Wall Street loves talking about artificial intelligence (AI) in the abstract -- cloud graphics processing units (GPUs), data lakes, large language models. But AI's next chapter is physical. It's drones patrolling borders autonomously, robots rolling down sidewalks with your dinner, and quantum chips tackling problems classical computers can't touch. These three tiny companies sit at the bleeding edge of that transformation, and the market is only just beginning to notice.
Image source: Getty Images.
1. Defense-grade autonomy takes flight
Ondas Holdings (ONDS 1.31%) has evolved from a niche private wireless vendor into a defense-adjacent autonomy platform. Through the Ondas Autonomous Systems division -- which houses American Robotics and Airobotics -- Ondas provides fully automated, AI-driven drone systems for military, border security, and industrial inspection applications.

NASDAQ: ONDS
Key Data Points
The numbers tell the story. Third-quarter 2025 revenue hit $10.1 million, up 582% year over year, driven by deliveries of Iron Drone and Optimus systems to defense and public safety customers. Management has raised its 2025 guidance to $36 million and is targeting $110 million in 2026 revenue, with positive earnings before interest, taxes, depreciation, and amortization (EBITDA) expected in the second half.
The real catalyst? Ondas just won a strategic government tender to deploy an autonomous border-protection system involving thousands of drones -- beating major defense primes as the prime contractor. The first purchase order is expected in January 2026. With $433 million in cash and nearly double this amount on a pro forma basis, Ondas has the runway to execute. The risk is dilution -- Ondas raised roughly $855 million since June -- and contract execution in a notoriously slow-moving government procurement environment.
2. Robots hit the sidewalk
Serve Robotics (SERV +3.23%) is betting that last-mile delivery becomes a robot-first business. Serve's AI-powered sidewalk robots now operate across Los Angeles, Miami, Chicago, Atlanta, and Fort Lauderdale, having completed over 100,000 deliveries from more than 2,500 restaurants.

NASDAQ: SERV
Key Data Points
What changed in 2025 was the diversification of platforms. In October, Serve struck a deal with DoorDash to expand robotic deliveries beyond the existing Uber Technologies partnership. That breaks exclusivity and dramatically expands potential order volume. Q3 revenue increased approximately 210% year over year, and Serve aims to deploy 2,000 robots across the U.S. by year-end.
Nvidia CEO Jensen Huang has been evangelizing physical AI as the next computing frontier, and Serve is one of the cleanest public pure plays on that thesis. The sub-$1 billion market cap could look microscopic if the Uber-DoorDash partnerships compound into a defensible network. However, unit economics remain opaque, regulatory friction looms in densely populated cities, and both delivery giants could pivot to competing solutions at any time.

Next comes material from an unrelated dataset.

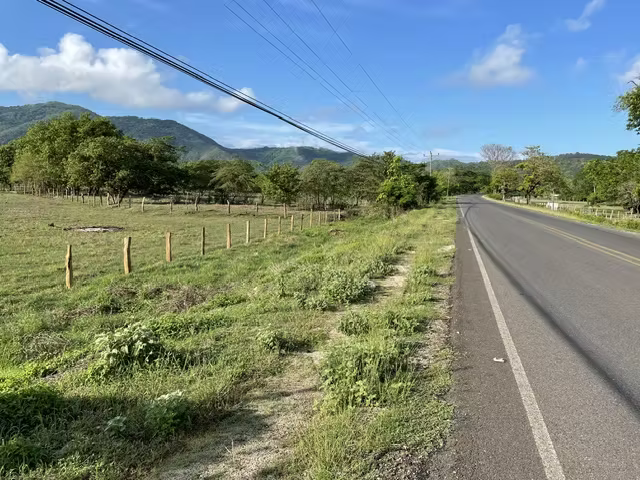 Hectárea plana en Nicoya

3. Quantum's high-stakes lottery ticket
Rigetti Computing (RGTI 6.49%) isn't a stock for the faint of heart. The pure-play quantum computing company builds superconducting quantum processors and sells access via cloud and on-premise systems. Think of it as attempting to become the Nvidia of quantum -- except quantum commercial viability remains years away.

NASDAQ: RGTI
Key Data Points
Q3 2025 revenue came in at $1.9 million against a $20.5 million operating loss. Yet, the stock has surged more than 3,500% over the past year, pushing the market cap to roughly $9.2 billion. That's not a typo -- investors are paying nearly 5,000 times annualized revenue for category exposure.

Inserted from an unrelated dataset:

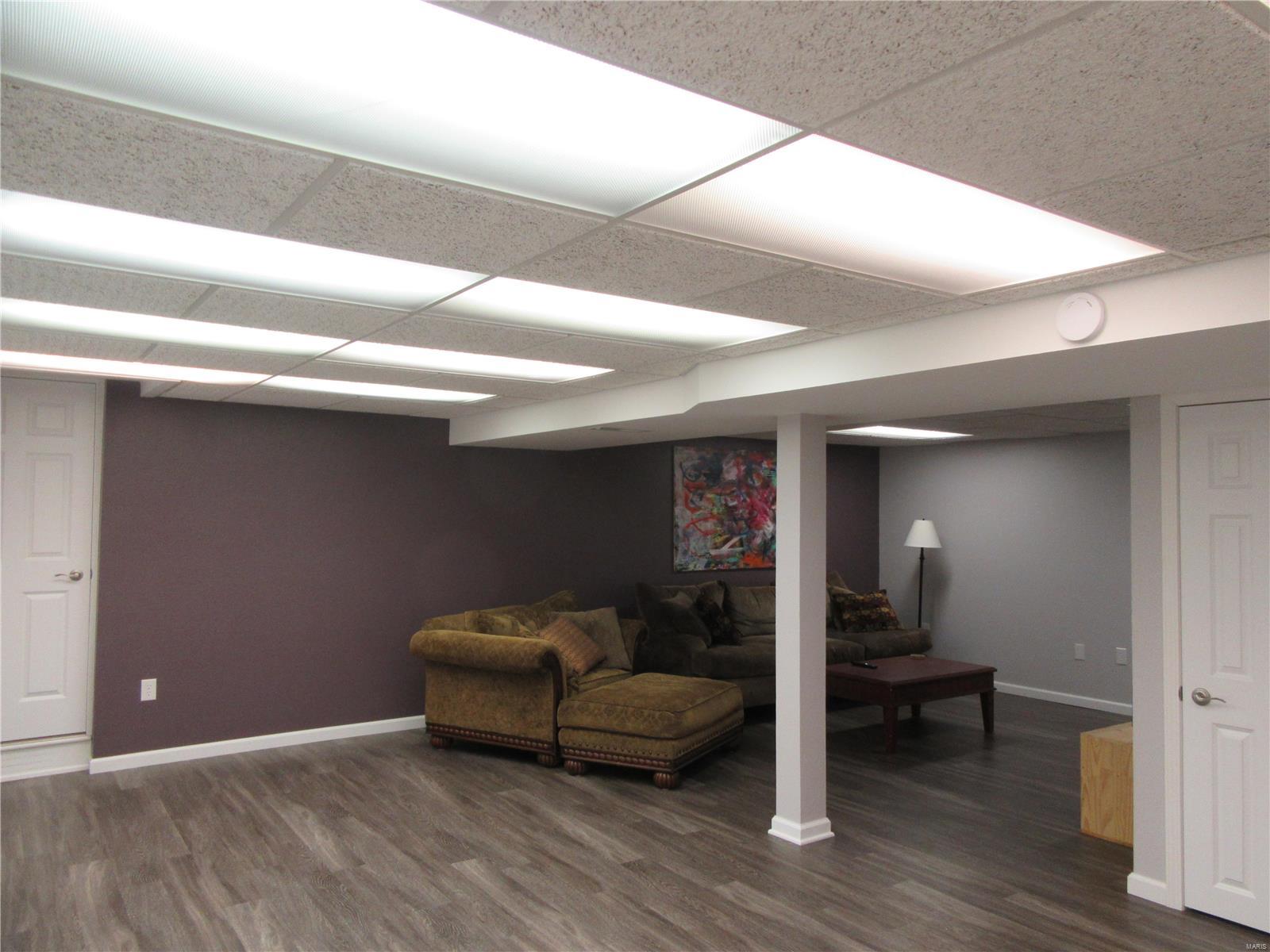233 Ladue Road Belleville, IL 62223 - Photo 21 of 39 Gallery Image 21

What's real? Two commercial on-premise quantum system orders totaling $5.7 million and a $5.8 million U.S. Air Force Research Laboratory contract suggest early enterprise and government demand. If quantum computing becomes commercially important this decade, Rigetti offers one of the few relatively pure public exposures. But the valuation assumes success in a race where IBM, IonQ, and D-Wave are competing with different architectures and deeper pockets.
The optionality premium
None of these companies is safe. All three are small caps burning cash, and shareholders will likely face dilution along the way. But for investors who believe autonomous systems, physical AI, and quantum computing represent trillion-dollar opportunities -- and who size positions like call options rather than core holdings -- Ondas, Serve, and Rigetti deserve serious due diligence right now.